Did the guardrail work? (v0.3.0) Once a lesson is actuated, every later learn run measures it: the fraction of sessions exhibiting its failure shape before the rule went into AGENTS.md vs after, split by each session's own timestamp. A material drop (≥50% relative, ≥5 post-actuation sessions) flips the lesson actuated → verified. This is observational, not causal — a common shape regresses to the mean on its own, so every rendered measurement carries its denominators, its excluded-no-timestamp count, and that caveat in plain sight (ADR-0014). On a freshly bootstrapped store the verdict is insufficient-data for everything until sessions accrue after the rule went live — the machinery is the deliverable; the signal arrives with use.

Why it exists

Every big tech launched a coding CLI. None of them throw away less data than the others, and none expose the data they keep. You can run Claude Code 200 times and have no idea which failure modes are common until you read 200 transcripts. Aladeen turns those transcripts into something you can act on.

The pitch is deliberately small: don't replace your agent, learn from it. The orchestrator category (Conductor, Vibe Kanban, Claude Squad, DeerFlow 2.0, Emdash, opencode itself) is saturated. The observability category for CLI-based agents is mostly empty.

Design invariants

  • Raw secrets and PII never persist. All ingest paths pass through a versioned scrubber (src/observability/scrubber.ts). API keys, JWTs, AWS keys, GitHub PATs, and the user's home-directory path are redacted at the boundary. Inline [REDACTED:reason] markers stay greppable.
  • Every event has source provenance. A SessionTrace.events[i].source field points back to the byte range in the original artifact. If a parser disagrees with you, you can reproduce the dispute.
  • Adding a new agent CLI doesn't require schema changes. Extend the SourceKind enum, write an ingester that targets SessionTrace, done. The Claude Code (JSONL) and opencode (SQLite) ingesters look completely different on the inside and produce identical SessionTrace output.
  • Ordering uses seq, not timestamps.
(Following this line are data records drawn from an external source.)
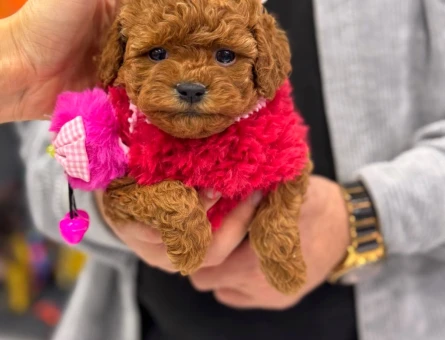 Sağlık garantili Kore Poodle yavruları - 9672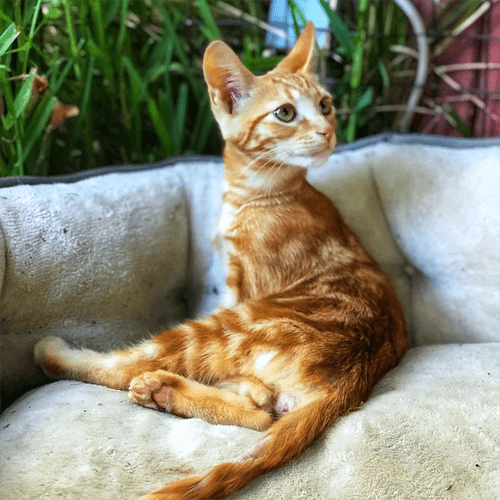 sebastian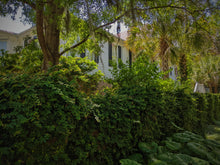 Load image into Gallery viewer, Southern Gothic. enfleurage perfume. florid, haunted. October 2023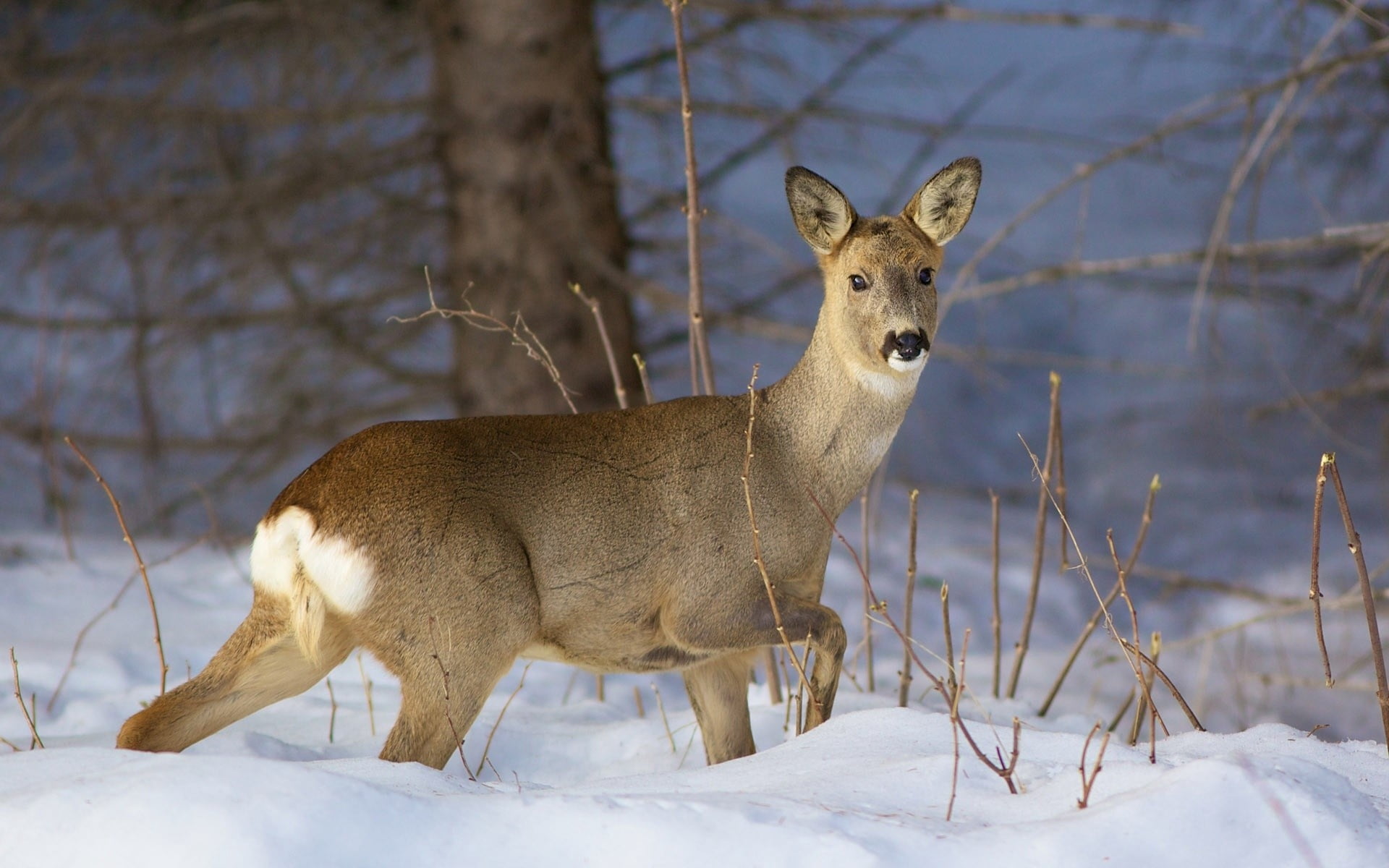hunting, nature, outdoors, one Animal, animal, animals Hunting, looking at camera, forest, wilderness Area, cold temperature, animal themes, vertebrate, HD Wallpaper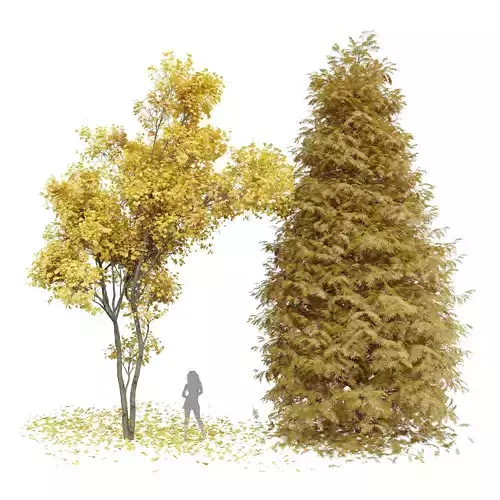 Real Tree Acer Saccharinum Metasequoia Glyptostroboides Orange 3D model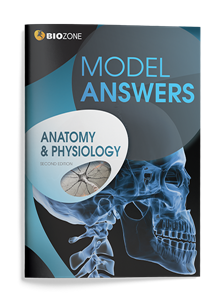 anatomy and physiology model answers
Clocks lie and resumed sessions span days.

Architecture

src/observability/
  session-trace.ts          # SessionTrace + RunDigest Zod schemas
  scrubber.ts               # Versioned redaction passes
  digest.ts                 # SessionTrace → RunDigest projection + fingerprint
  storage.ts                # On-disk layout: .aladeen/ingested/{sessions,digests}/
  report.ts                 # Terminal-friendly multi-section report
  replay.ts                 # Markdown drill-down for a single fingerprint
  ingest-runner.ts          # Generic per-source ingest pipeline (loop, counters, summary)
  ingest/
    _shared/
      jsonl.ts              # parseJsonl(text) + RawLine
      time.ts               # msToIso(ms)
      outcome.ts            # inferOutcome(events, ctx) — shared event-stream classifier
      classify-error.ts     # classifyError(text, extraClasses?) — pattern union
    claude-code.ts          # ~/.claude/projects/<encoded-cwd>/*.jsonl parser
    opencode.ts             # opencode.db SQLite reader (via sqlite3 CLI subprocess)
    codex.ts                # ~/.codex/sessions/YYYY/MM/DD/rollout-*.jsonl parser
    openclaw.ts             # ~/.openclaw/agents/<id>/sessions/*.jsonl parser
    aladeen-runs.ts         # <repoRoot>/.aladeen/runs/*.json ExecutionState parser

Storage on disk:

.aladeen/ingested/
  sessions/<sessionId>.trace.json    # full SessionTrace
  digests/<sessionId>.digest.json    # RunDigest projection

SessionIds may contain provider prefixes (opencode:ses_abc...). The filesystem layer sanitizes everything outside [A-Za-z0-9._-] to _ so Windows NTFS doesn't interpret : as an alternate data stream marker — the canonical id in the trace itself is unchanged.

Status

  • Claude Code ingester: complete
  • opencode ingester: complete
  • Codex ingester: complete
  • OpenClaw ingester: complete (fixture-validated; real-vault smoke test pending)
  • Aladeen's own blueprint runs → trace store: complete
  • MCP server bundle: complete (aladeen-mcp bin; read-only tools + resources, incl. query_lessons)
  • Observability (ingest + report + fingerprint buckets + read-only replay + MCP): complete
  • Learning layer — actionable replay (suggest_remedy, worktree_collision known-fix + tiered evidence): complete (read-only suggestions only, no auto-execution; evidence tier returns none for most buckets on small stores — expected. See Known limits)
  • Learning module (aladeen learn / lessons, Tier-0 detectors, FadeMem-style decay, fenced AGENTS.md actuation, semantic Markdown export): complete in v0.2.0
  • Recurrence measurement — observational before/after that flips actuated → verified, plus the query_lessons MCP tool: complete in v0.3.0 (observational, not causal — see ADR-0014; reads insufficient-data until post-actuation sessions accrue). Tier-1 LLM reflection over flagged sessions is planned next, behind v0.2.x classifier refinement
  • Hermes ingester: planned (gated on ~/.hermes/state.db schema inspection)
  • Gemini CLI ingester: planned (gated on confirming actual storage path)
  • jcode ingester: planned (gated on upstream-repo inspection)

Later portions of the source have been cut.